Sunday, 2 October 2011

Picking holes in last night's Doctor Who

I watched the final episode of Doctor Who series 6 this morning (I was out last night) and parts of it were excellent. But then I'm sat here watching JJ Abrams' 2009 Star Trek movie and, in its first 10 minutes, it's reminded me of what was missing from Doctor Who last night: we're both welling up here. I'm not saying every show has to make you cry, but I think there's quite an argument for having characters who you care about, then making things happen to them that you can understand, worrying about what's going to happen to them, then getting a genuine emotional tug when whatever happens happens.

Maybe I wouldn't feel such a loss of emotional oomph from last night's Doctor Who (the perplexingly titled Wedding Of River Song, suggesting a girly-family-friendly tear-jerker which this couldn't have been less of) had it not been for the past half dozen years of the show since its return in 2005. Look at the past end-of-series episodes and let's see if I know what I mean:

Parting Of The Ways - Christopher Eccleston's final episode. Although at this stage the programme is mostly about Rose Tyler and her travels with an enigmatic alien. When she saves the universe then gets a kiss from The Doctor, it's tears all the way, at the end of a series which has grabbed a brand new audience from the start and made them love it. We've discovered Daleks, who are genuinely the scariest things in the universe, we've had our first timey-wimey story, the brilliant Father's Day (which asked and answered the question of what would happen if you stopped your Dad dying in the past), and we've discovered some of the best writers in TV, not only Russell T Davies and Paul Cornell, but perhaps the most exciting, Steven Moffat. In the final moments The Doctor dies, which we weren't quite expecting, and he regenerates, for the first time in most viewers lives. It was impossible at the end of that not to say "I want to see more of this!"

Doomsday - Upping the emotional ante, we lose our hero, Rose Tyler, and so does our other hero, The Doctor, and as they part he whispers something in her ear but doesn't get to finish it. Oh come on, we all know what he's saying, and if we're not welling up when he's cut off, leaving him streaming with tears, we've not been paying attention. A splendidly emotional end to David Tennant's first series where we've successfully transferred our fondness and sympathies for Rose to him. We've had a perfect example of timey-wimeyness meeting romance in The Girl In The Fireplace, and our first hint of classic-Who nostalgia with Sarah Jane & K9 in School Reunion. Now we're in tears and suddenly Catherine Tate appears in the Tardis. I want to see more of this!

Last Of The Time Lords
- Actually I found this series ending a bit of a let down, with the whole Master and Martha story getting a bit silly and messianic, and the storyline of Martha's love for the Doctor being nonplussing. But after a series containing Blink & Being Human it was going to be a hard ending to pull off, and despite Martha's family being hopelessly forgettable, and their parting a bit so-whattish, it was at least emotionally true to itself. And then the Titanic crashed through the Tardis wall. Knowing more of this quality was bound to lie ahead, I wanted to see more of this!

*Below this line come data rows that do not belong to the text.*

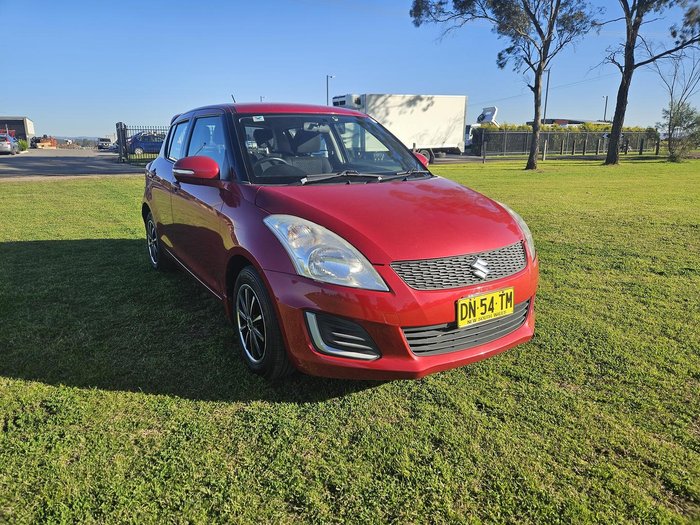 2015 Suzuki Swift GL FZ MY15 Ablaze Red Pearl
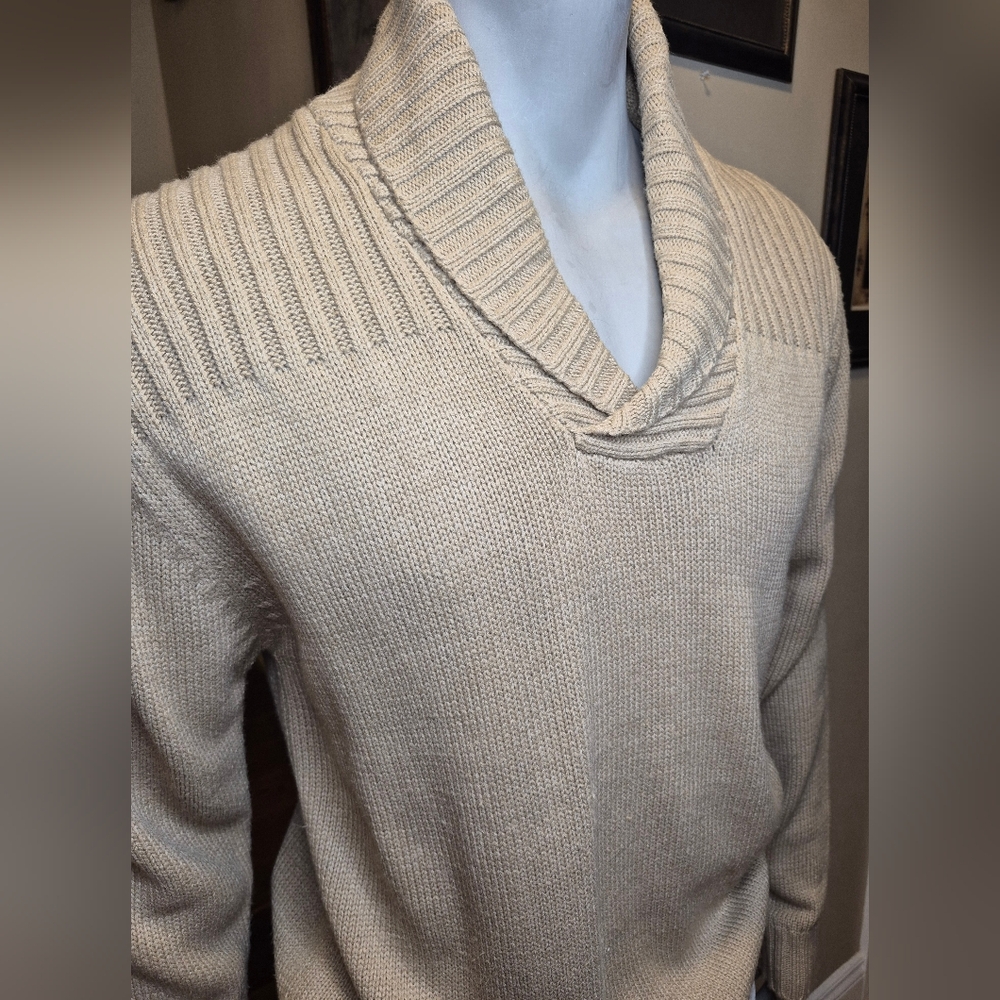 H&M Cream V-Neck Sweater Cozy Elegance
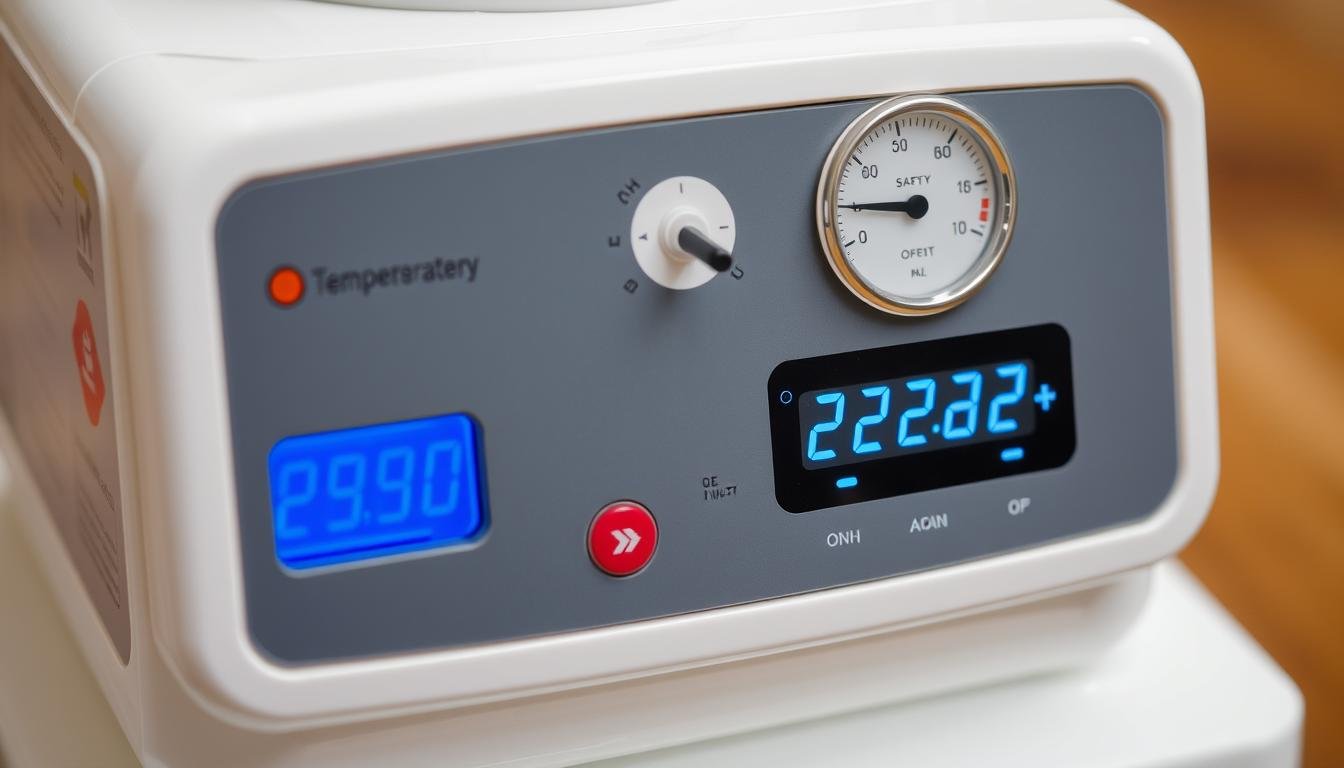 Panel de control de Máquina para hidroterapia de colon con sistemas de seguridad Panel de control de Máquina para hidroterapia de colon con sistemas de seguridad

Journey's End - Was there a dry eye in the house? Not in ours. We say goodbye to Rose again, and a spare Doctor, and to Donna - possibly the best-loved companion of the series so far - and she's not allowed to remember any of it? Heartbreaking stuff. And with Donna at the heart of so much of it, the series has been very much about a double act of equals, The Doctor and Donna, about whom we care equally. I want to see more... you knew that was coming.

The End Of Time - This time it really felt like milking it, with half an hour of bloody farewells, to everyone who'd mattered in the preceding four years, wrung out to an excruciating extent. But if you want to sign off after five of the best series of the best TV show ever, you're entitled a bit of indulgence. Because this wasn't self-indulgence, this was Doctor Who lovers-indulgence. A relationship had been forged between the viewers and all these characters, with the storytellers' priority always being the characters and their relationships. The plots, twists, surprises, puzzles, games - the Maguffins - were always there to drive the characters. No one ever made the mistake of thinking viewers would be more interested in the solution to a puzzle than what would happen next to someone they cared about. Ooh, then The Doctor turned into Matt Smith and was about to be written by the most exciting of the writers on the show so far, Steven Moffat. I so wanted to see more of that.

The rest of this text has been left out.